The complication is that not all datasets are available, and they are spread across more than one S3 bucket. I think that the only way to get the URLs is to take the access number and build a "guess" S3 URI and then test it to see if it exists.
The current buckets are:
- https://s3.console.aws.amazon.com/s3/buckets/sra-pub-src-1/
- https://s3.console.aws.amazon.com/s3/buckets/sra-pub-src-2/
An example URL to a specific BAM file: http://sra-pub-src-1.s3.us-east-1.amazonaws.com/DRZ000036/F10-DA.bam.1 (possible to directly download without authentication).

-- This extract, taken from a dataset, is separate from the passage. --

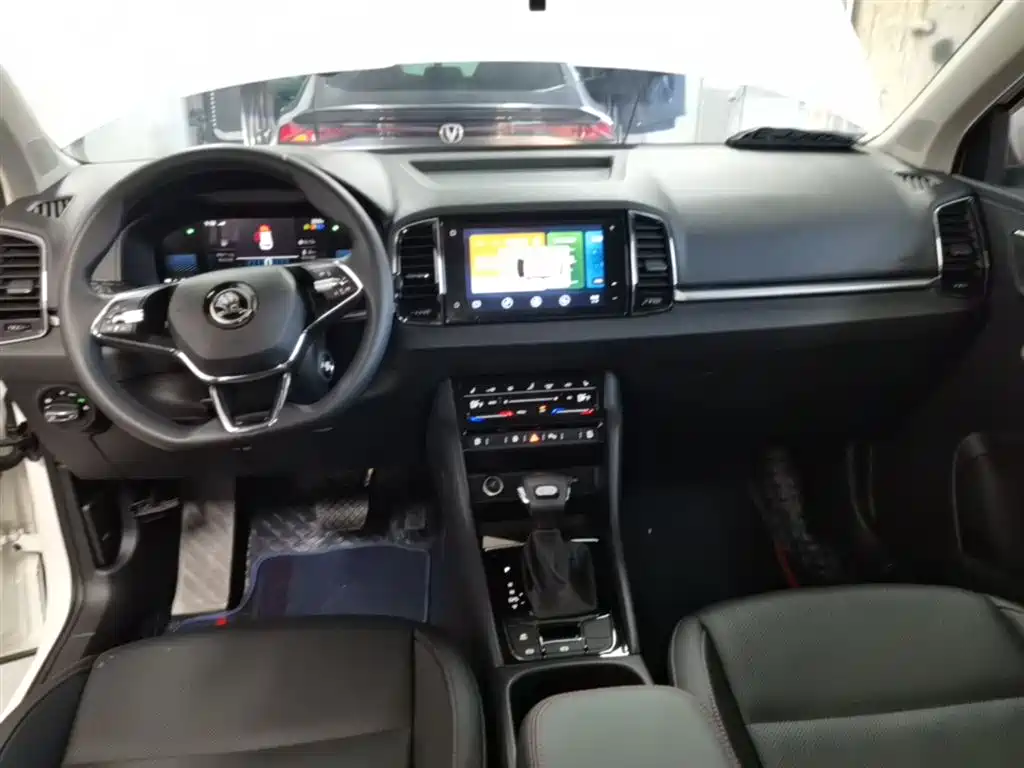Skoda Karoq 2022 — фото 10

The buckets should allow public and anonymous access, so we should be able to use an AWS SDK to ping the expected files to see if they exist. @wleepang gave a nice example in Python:
>>> import boto3
>>> from botocore import UNSIGNED
>>> from botocore.client import Config
>>> s3 = boto3.client('s3', config=Config(signature_version=UNSIGNED))
>>> s3.head_bucket(Bucket='sra-pub-src-1')
{'ResponseMetadata': {'HTTPStatusCode': 200, 'RetryAttempts': 0, 'HostId': 'sE4i9sSiQmHwuBeBAKp8JUOsDq09BIoX/WtNQlmO+7qvmTe9/bwJfBqkCdAE0cdDg8Fspcbmddc=', 'RequestId': '931ABD9E2B59BA63', 'HTTPHeaders': {'date': 'Wed, 22 Jan 2020 20:38:56 GMT', 'x-amz-id-2': 'sE4i9sSiQmHwuBeBAKp8JUOsDq09BIoX/WtNQlmO+7qvmTe9/bwJfBqkCdAE0cdDg8Fspcbmddc=', 'server': 'AmazonS3', 'transfer-encoding': 'chunked', 'x-amz-request-id': '931ABD9E2B59BA63', 'x-amz-bucket-region': 'us-east-1', 'content-type': 'application/xml'}}}
Note that the files contained within each accession directory seem to be randomly named and quite variable. There are BAM files, FastQ files, Fasta files, all sorts. So we need a big warning notice to (a) let the user know that it's up to them to curate the file list that they're getting and (b) to count and warn about how many datasets we were unable to find.
Open data page for this is now up at https://registry.opendata.aws/ncbi-sra/